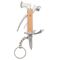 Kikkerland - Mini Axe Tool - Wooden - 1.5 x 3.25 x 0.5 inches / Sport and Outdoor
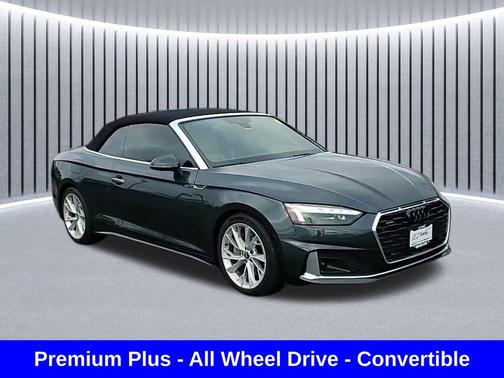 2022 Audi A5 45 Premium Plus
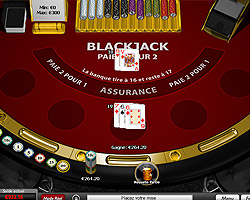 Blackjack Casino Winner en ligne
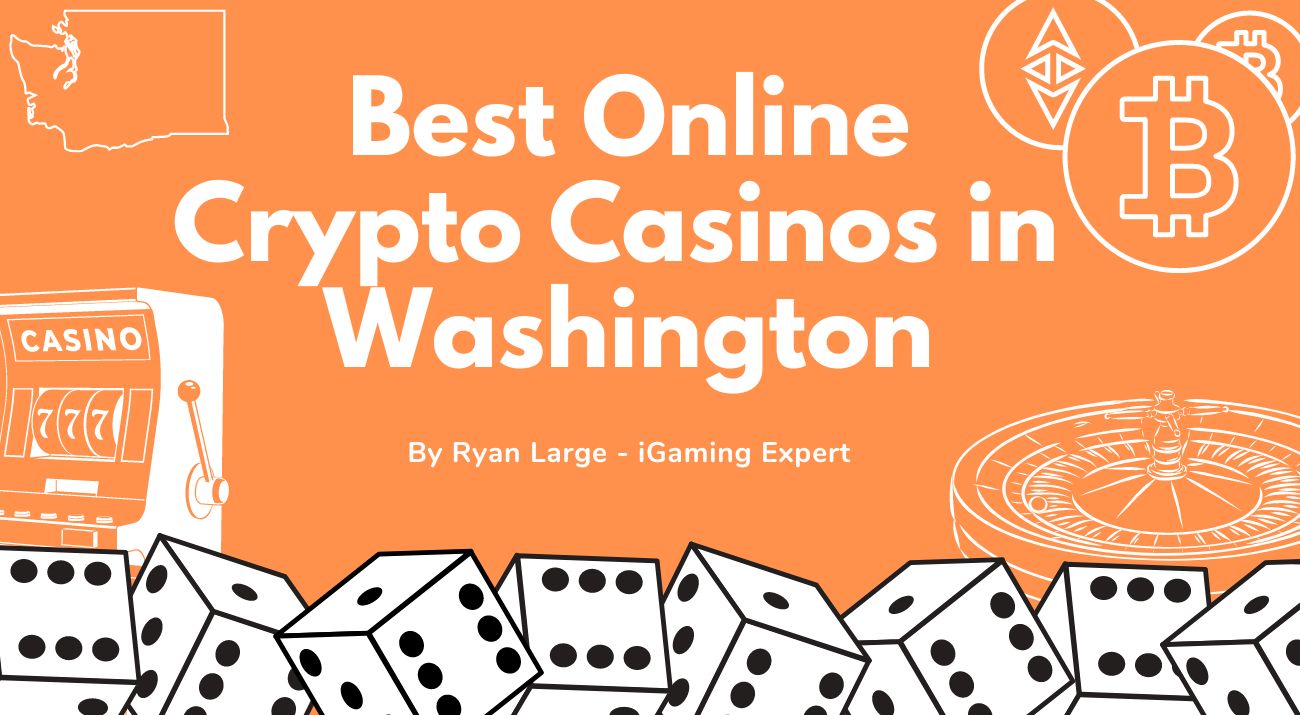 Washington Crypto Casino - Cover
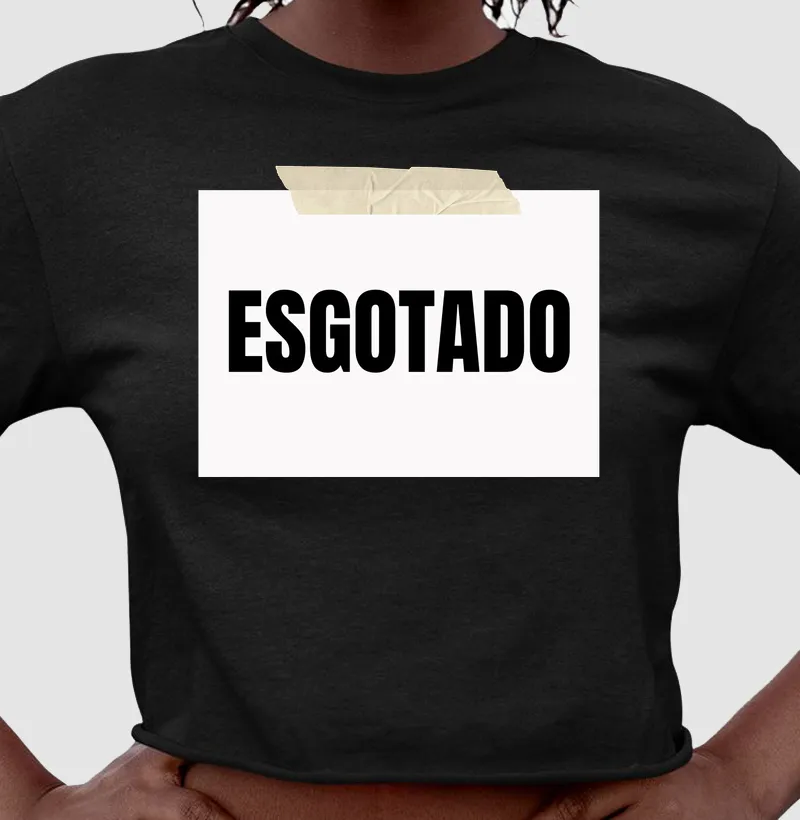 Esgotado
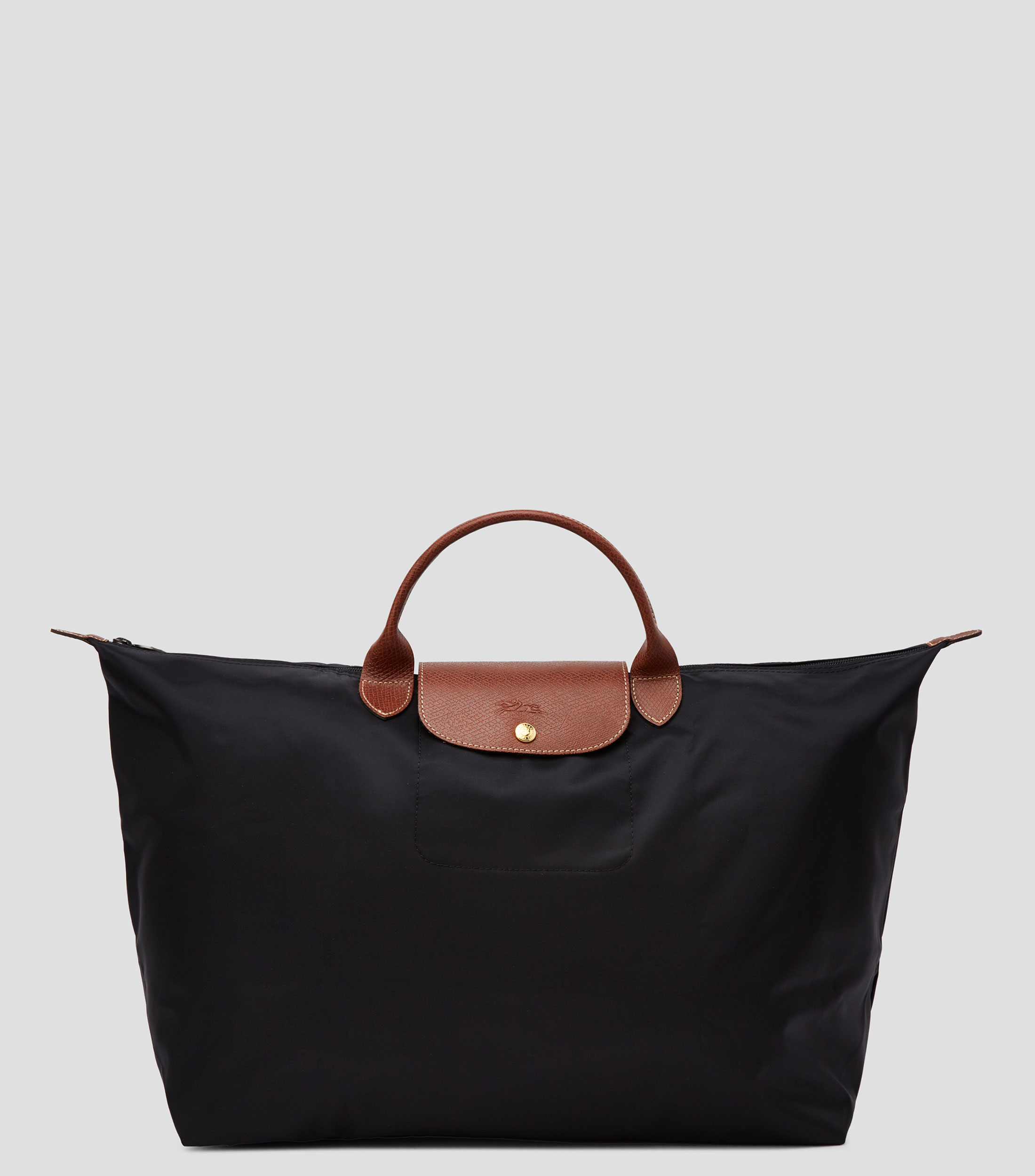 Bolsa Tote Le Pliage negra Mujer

----

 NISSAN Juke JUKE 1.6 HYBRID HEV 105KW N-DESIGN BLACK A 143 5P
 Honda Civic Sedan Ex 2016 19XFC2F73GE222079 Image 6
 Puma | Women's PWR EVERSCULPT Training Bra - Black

----

→ **EXERCISE DIRECTIONS**
Output the lines above exactly, but only those between the line holding "NISSAN Juke JUKE" and the line holding "Puma | Women's", inclusive.

→ **SOLUTION**
 NISSAN Juke JUKE 1.6 HYBRID HEV 105KW N-DESIGN BLACK A 143 5P
 Honda Civic Sedan Ex 2016 19XFC2F73GE222079 Image 6
 Puma | Women's PWR EVERSCULPT Training Bra - Black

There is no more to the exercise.